Episode 211: Leading with Grit – Inside the Multi-Award Winning Bells Fish & Chips
Posted by Emily on 21st Apr 2025 Reading Time:
In the latest episode of The Ceres Podcast, host Stelios sits down with Graham Kennedy, owner of the multi-award-winning Bells Fish & Chips Group in County Durham. What unfolds is more than a business discussion—a grit, community, and entrepreneurial clarity masterclass. Whether you run a fish and chip shop, a pub, or a hospitality venture, this episode offers a wealth of insights from someone who built a local institution from the ground up.

A Story Rooted in Place and Purpose
Graham’s journey begins in a Sunderland council estate, where a chip shop across the road first sparked his curiosity. Fast forward to today, he runs four locations in Durham, including one that pays architectural homage to his family’s mining past. His father worked six miles underground in a colliery, and Graham’s Seaham shop quietly functions as a tribute, doubling as a subtle mining museum.
“I didn’t need to do the shop for commercial reasons—I just wanted to give something back,” Graham explains. This grounded thinking—pairing personal meaning with business decisions—runs through the conversation.
The Making of Bells
Graham took over the original Bells shop in 1996, but his first foray into ownership came much earlier. He had no business background and blagged a car loan to buy his first leasehold takeaway at 20. The learning curve was steep, but the queues on day one proved he had something special.

And why keep the name “Bells”? “It was near the front of the phone book,” Graham chuckles—a nod to a time before Google rankings mattered. But behind the simplicity lies a shrewd understanding of brand value and community heritage.
Quiet Confidence and Customer Focus
What stands out most is Graham’s refusal to be loud about price hikes or operational changes. While some operators make a public fuss, Graham takes a different approach.
“We don’t shout about increases. When they’re here, they accept it,” he says. Instead, staff are briefed to explain the logic behind a price if asked, often tying it back to staff wages and building upkeep. It’s personable, transparent, and disarming.
He even offers a golden rule for pricing: “Never increase your prices and shrink the product at the same time.”
From Awards to Awareness
Though Bells recently swept up the National Fish & Chip Awards for Multi-Operator and Field to Frier, Graham quickly reminds listeners that success didn’t happen overnight. He first entered competitions in 2007–2008 but didn’t pursue them further until encouragement from a team member made him reconsider.

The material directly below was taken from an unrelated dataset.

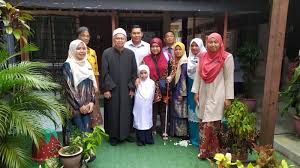 Official twitter account for yb senator datuk dr. Bila Dah Berjaya Nanti Jangan Lupa Bawa Mak Ayah Jumpa Pakcik Ya Mufti Sebak Bertentang Mata Dengan Murid Pimpin Ibu Bapa Buta Viral Mstar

And while awards matter, he’s clear-eyed: “It doesn’t massively boost business when you’ve already got the markers. But it makes you review everything—which alone improves standards.”
Anchored in Resilience
Perhaps the most moving part of the episode is Graham’s candid reflection on personal tragedy. He and his wife Alison lost a son to stillbirth in 2000, a moment that reshaped their priorities and gave them a deeper form of resilience.

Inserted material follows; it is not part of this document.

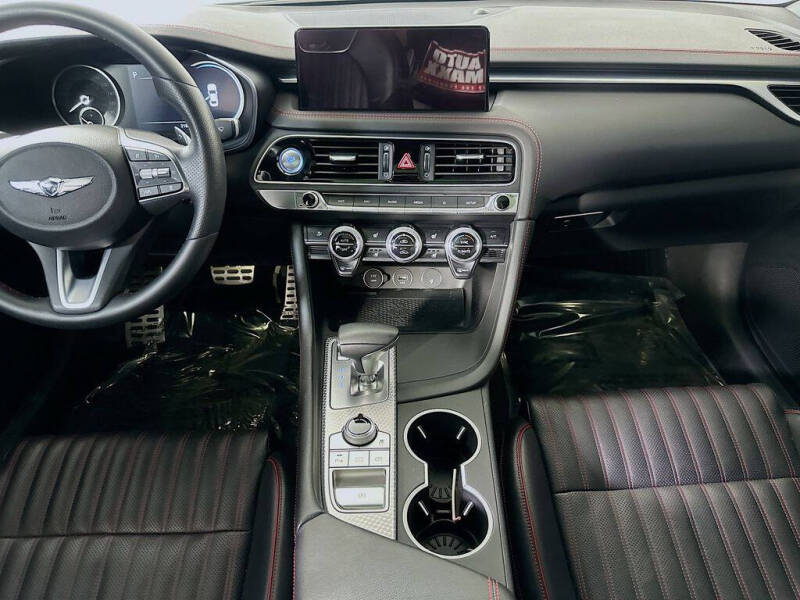 2023 Genesis G70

“You realise what matters,” Graham says. “Shops can close tomorrow, but you still have your family.”
This depth of perspective filters into how he trains staff supports succession planning with his daughter and builds shops that balance soul with functionality.

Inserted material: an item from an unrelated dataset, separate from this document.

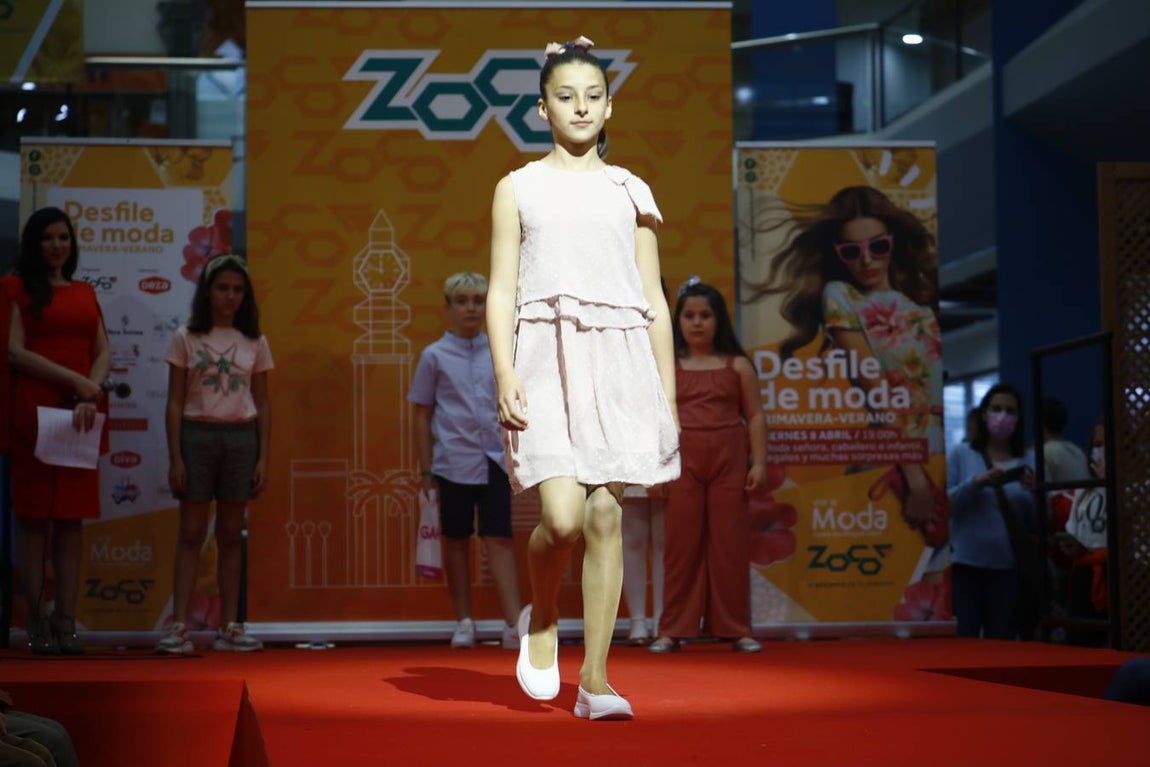 La moda primavera y verano llegan al Centro Comercial Zoco Córdoba, en imágenes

Practical Takeaways for Business Owners
For anyone running a fish and chip shop or hospitality business, this episode is rich with hard-won advice:
- Own the property if you can: Freehold gives you long-term control.
- Let the data guide your menu: Track every sale, review quarterly, and trim the dead weight.
- Stay visible, not noisy: You don’t need flashy marketing when the product and service speak for themselves.
- Prepare like a pro: On Good Friday, they prepped 7,000 pieces of fish across four sites—and delivered.
Final Thoughts
Episode 211 is a standout because of its honesty. Graham doesn’t sugarcoat the tricky bits—he embraces them. He’s not chasing likes on social media or trending menu items. He’s building for the long haul, anchored in family, tradition, and sensible decisions.
This is the episode for you if you’re looking for inspiration that feels real—and not out of a business book.